Hmm, your model is very simple @shakasaki. I wonder if the bottleneck is PyMC trying to store the draws / sampling stats in a common memory (I don’t remember exactly how that’s being done right now), and the sampling itself is trivially fast.

Would need to dig up a bit of that code.

The model above is just to point out the time-lag I observe when invoking my custom likelihood model, which is more complicated and takes about a second to compute, so inference times go up to a few weeks for me. There I observe the same thing though, more chains and cores increases linearly the inference time. Thanks for looking into it!

@shakasaki Yeah I meant the reason for the non-linear time could be completely different between this simple model (maybe writing IO) and your complex model (maybe PyTensor multi-core Ops)
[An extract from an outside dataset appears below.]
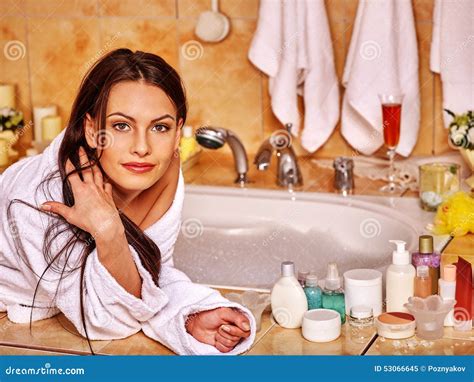 Woman Relaxing At Home Bath Stock Image Image Of Interior Hygiene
I was also thinking that this could be the reason, so I tried just “stalling” the operation on the forward model by adding a pause. I modified the blackbox likelihood function from my first post to the following:

def forward_model(A, B):
    time.sleep(0.1)
    return (A - B) ** 2

Not sure if this is a valid test, but it certainly slows down the inference to hours. I run this with 6, 12 and 18 cores on a server and still the inference time increases linearly with core number. The forward model now is “slow” so the ratio between calculation time and IO time should be high, and it seems that parallelization does not really help here. If you think of a better test I can run it on the server with up to 48 cores, to test whether parallel chains are actually running.

That’s a good test!

CC @aseyboldt any ideas?

1 Like

I think the original model is so small, that the parallelization doesn’t do anything useful.
If we try something a bit more costly it does:

with pm.Model() as model:
    x = pm.Normal("x", shape=(50, 50))
    y = pt.linalg.solve(x + x.T, np.ones(50)).sum()
    pm.Normal("y", mu=y, observed=100.)

times = []
for cores in [1, 4, 8]:
    start = time.time()
    with model:
        pm.sample(cores=cores, chains=cores, tune=100, draws=100, compute_convergence_checks=False)
    end = time.time()
    times.append(end - start)

This gives me [68.90292978286743, 92.38360643386841, 97.97894310951233], so sampling just one chain is a bit faster than the others, but not much. (Probably because a single core doesn’t produce as much heat, so it can run faster, and because the later times have to wait for the slowest chain to finish?)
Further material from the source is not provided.